Improved Authorship Attribution - Enhanced feature engineering and modeling approach
Author: bharathcherukuru
— class competition — 9 min read| Leaderboard score | 0.56582 |
|---|---|
| Leaderboard team name | Bharathch7 |
| Kaggle username | bharathch7 |
| Code Repository URL | https://github.com/uazhlt-ms-program/ling-582-fall-2025-class-competition-code-Bharath-ch40 |
Description
My approach can be summarized as follows, I split each pair of text snippets, extracted detailed stylometric and n-gram features, compared the two snippets using difference-based metrics, trained three different models (Logistic Regression, Random Forest, and Gradient Boosting), combined them with a weighted ensemble, tuned the decision threshold based on cross-validation macro F1, and finally used this optimized ensemble to generate the test predictions submitted to Kaggle.
The overall goal was to build a strong feature-based system that does not rely on large transformer models, but instead tries to capture stylistic similarity between two spans using carefully engineered features and a classical ML ensemble.
Task summary
The shared task is an authorship verification problem framed as a binary classification task. For each row in the dataset:
- The 'TEXT' column contains two snippets of English text, concatenated with a special token [SNIPPET] in the middle.
- The goal is to decide whether both snippets were written by the same author or by the different authors.
The training file 'train.csv' contains:
1'ID' : a unique identifier for each example 2'TEXT': the concatenated text span 'snippet1 [SNIPPET] snippet2'3'LABEL' : the gold label 4'0' = Different Authors 5'1' = Same AuthorThe test file 'test.csv' has the same structure but no labels. We must train a model on train.csv, then output predictions for test.csv as submission.csv with the columns:
1ID2LABEL (our predicted label either 0 or 1)The competition is evaluated using macro F1 on Kaggle. Macro F1 computes the F1 score separately for each class (Different Authors vs Same Author) and then averages them.
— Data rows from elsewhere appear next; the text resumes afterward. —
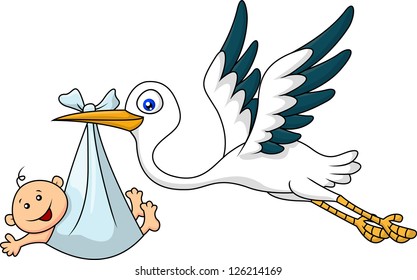 Image result for stork with baby images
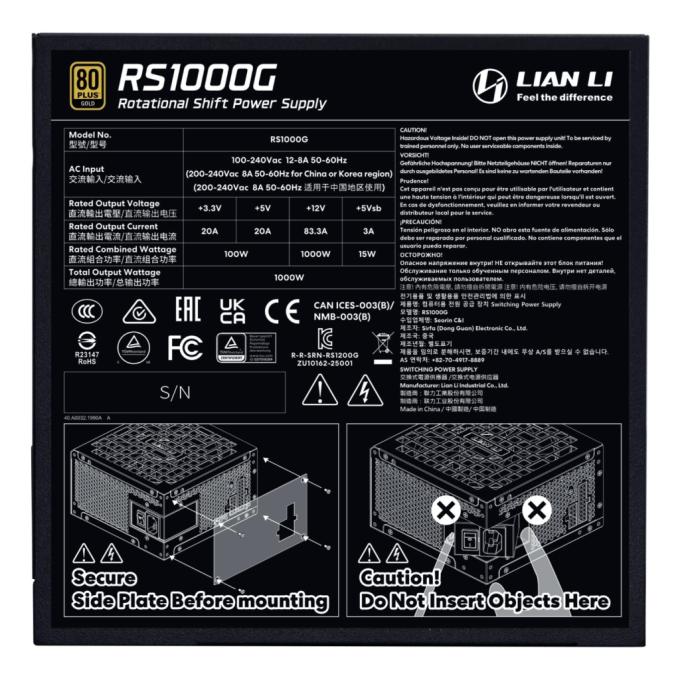 Lian Li G9P.RS1000G.B000.EU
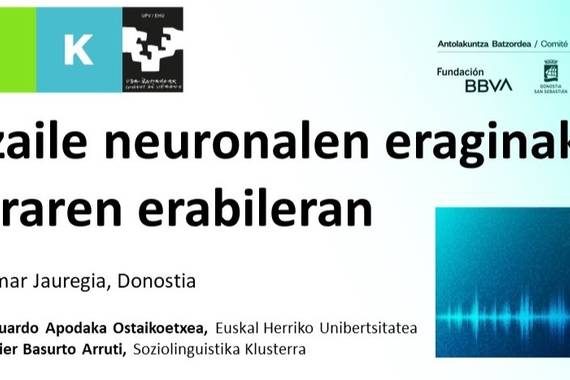 Uda ikastaroa: Itzultzaile neuronalen eraginak euskararen erabileran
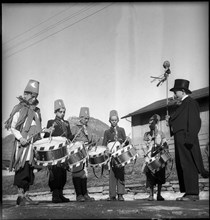 February custom in the Valais, around 1950.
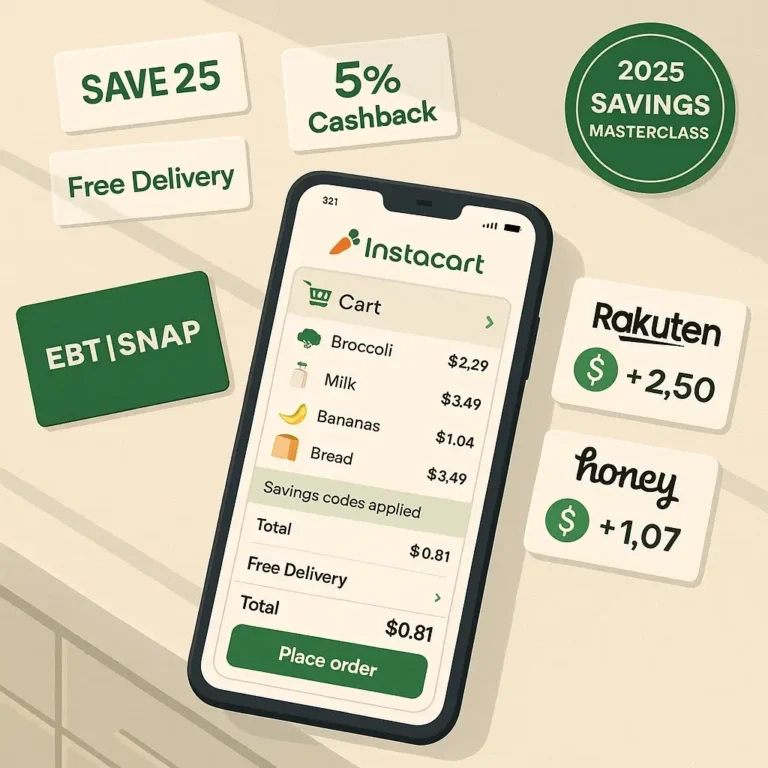 Save Money on Instacart in 2025 – Tips, Tricks & Code Stacking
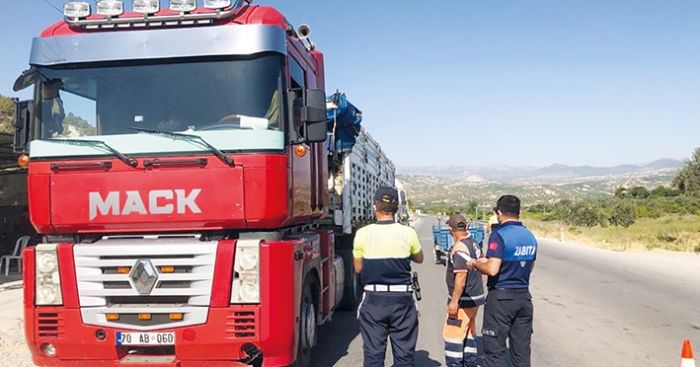 Mersin’de yk tayan aralara denetim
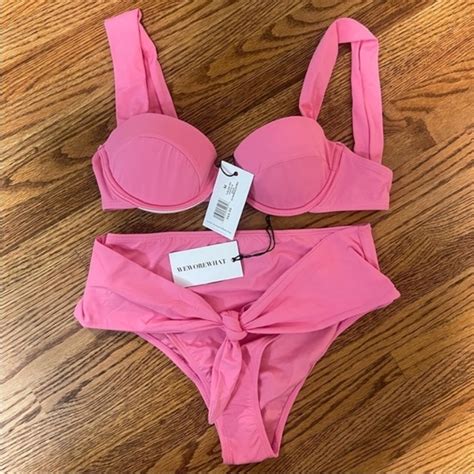 WeWoreWhat Swim Nwt Weworewhat Claudia Riviera High Rise Bikini 2pc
This metric is especially sensitive to class imbalance, and it punishes a model that ignores the minority class, even if its overall accuracy looks decent.
Exploratory data analysis
Before building features and models, I conducted basic EDA to understand the data distribution and check for the possible issues.
Dataset size & label distribution :
From 'train.csv' and 'test.csv':
- Training set: 1601 records, 3 columns (ID, TEXT, LABEL)
- Test set: 899 records, 2 columns (ID, TEXT)
The label distribution in the training data is:
- Class 0 (Different Authors): 1245 examples
- Class 1 (Same Author): 356 examples
This means only about 22% of examples are Same Author:
- Class balance (mean(LABEL)): 0.222
So the dataset is heavily imbalanced in favor of class 0. A naive model that always predicts 0 would already get high accuracy, but a bad macro F1, because F1 for class 1 would be 0.
Simple example to check :
To make sure the data looked sensible, I inspected a few random examples from both classes:
- For class 0 (Different Authors), the two snippets in 'TEXT' often belong to similar genres, but they are clearly from different contexts or books.
- For class 1 (Same Author), both snippets usually have very similar narrative voice, punctuation habits and although topics can differ.
Takeaway:
- On the surface, both classes often look very similar (same genre, similar vocabulary).
- Therefore, the model must rely on subtle stylistic cues, not only obvious topic words.
Text length analysis :
I computed a simple length measure for each row: the number of characters in TEXT:
- Count: 1601
- Mean length: roughly around 1000 characters
- Standard deviation: around 546 characters
- Minimum length: nearly 164
- Maximum length: 5500 approx
Both class 0 and class 1 have a mix of shorter and longer texts, and their length distributions are broadly similar. So length by itself is not a strong signal of the label, but it is still useful as part of a larger feature set.
Missing values and duplicates :
I checked for:
- Missing values in all columns : none were present.
- Duplicate IDs : none found.
- Potential duplicate '(TEXT, LABEL)' pairs : none
So the dataset looks clean and ready for modeling.
Summary of EDA :
- Strong class imbalance: 1245 vs 356 - need to think about class-balanced modeling or at least threshold tuning.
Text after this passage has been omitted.